"""
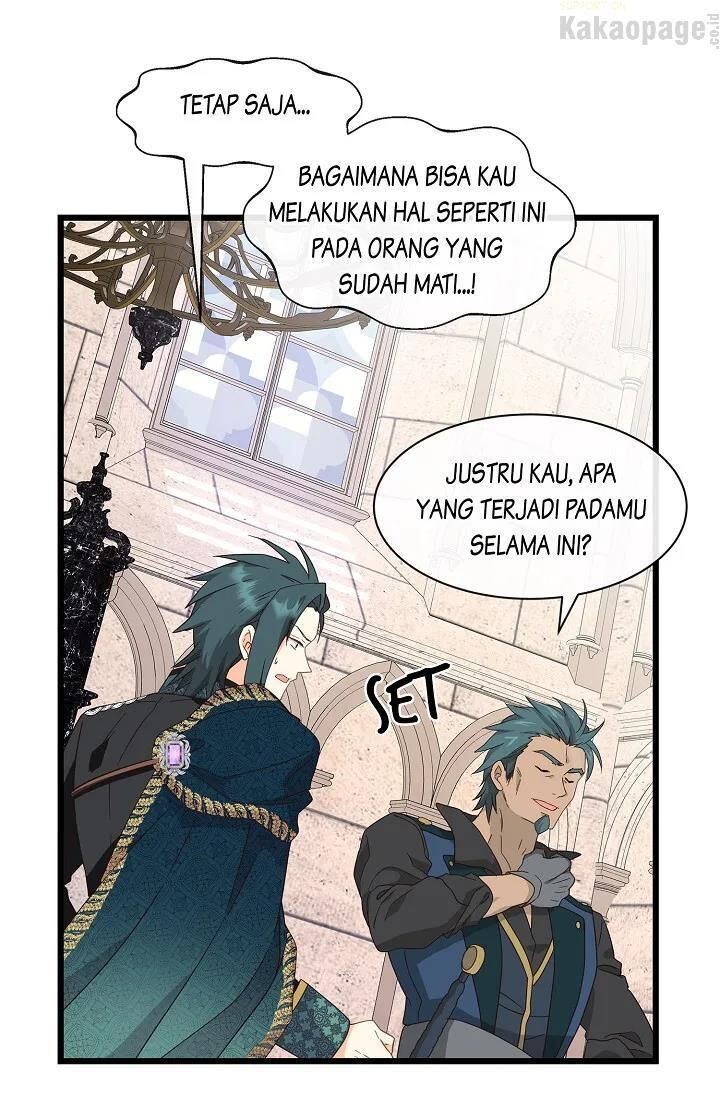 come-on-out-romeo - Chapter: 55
"""
"""
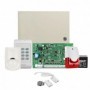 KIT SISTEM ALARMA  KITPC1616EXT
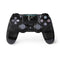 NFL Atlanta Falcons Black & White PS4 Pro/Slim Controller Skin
"""
[Your assignment]:
Using the data above, retype exactly and only the lines from the one containing "KIT SISTEM ALARMA" up to and including the one containing "NFL Atlanta Falcons", with no pictures carried over.

[Result for this task]:
 KIT SISTEM ALARMA  KITPC1616EXT
 NFL Atlanta Falcons Black & White PS4 Pro/Slim Controller Skin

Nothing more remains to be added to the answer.